I need to solve a matrix equation which contains a Hadamard product and a standard matrix multiplication: $$A\odot X + BX = C$$ where $A, C, X \in \mathbb{R}^{m \times n}$, $B \in \mathbb{R}^{m \times m}$, and $\odot$ denotes the element-wise (Hadamard) matrix product.
Does this sort of system have a name? I've checked the standard resources (Golub and van Loan, Horn and Johnson), but I didn't find any discussion of this type of problem.

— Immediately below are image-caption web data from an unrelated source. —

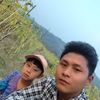 nay.lin.aung7289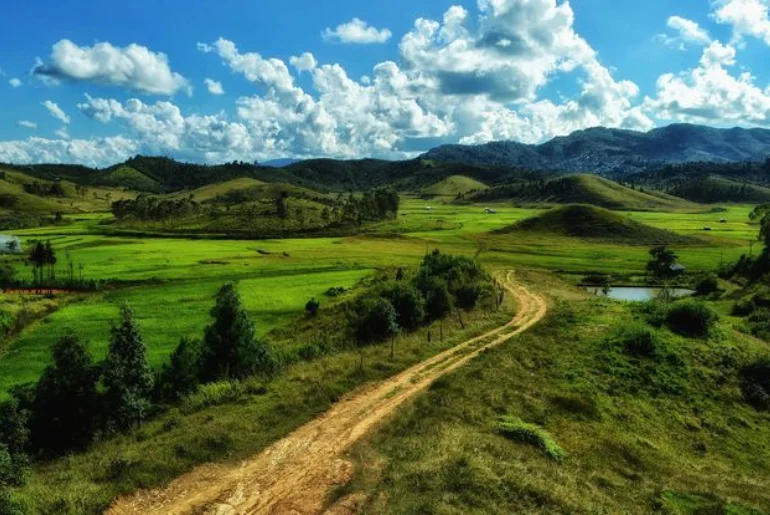 10 Offbeat Places In Northeast India You Must Visit In 2026 2 Offbeat Places In Northeast India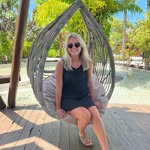 Mary Hensley - @maryreedhensley - Instagram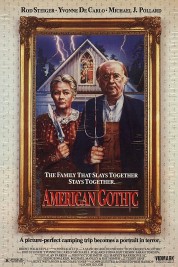 American Gothic 1987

If we let $a = \text{vec}(A)$, $x = \text{vec}(X)$, $c = \text{vec}(C)$ and $\tilde{a} = \text{diag}(a)$, then this becomes: $$a \odot x + (I \otimes B)x = \tilde{a}x + (I \otimes B)x = c$$ which has solution $$x = (\tilde{a} + (I \otimes B))^+c \implies X = \text{unvec}\left[\left(\text{diag}(\text{vec}(A)) + I\otimes B\right)^+\text{vec}(C)\right]$$ where $\otimes$ is the Kronecker product and $(\cdot)^+$ is the (Moore-Penrose) pseudo-inverse.
While it's not too expensive to use an iterative solver (since the $\tilde{a} + (I \otimes B)$ operator can be evaluated more-or-less easily), but I'd like to avoid that if possible. Is it possible to derive an analytical solution for this class of problems?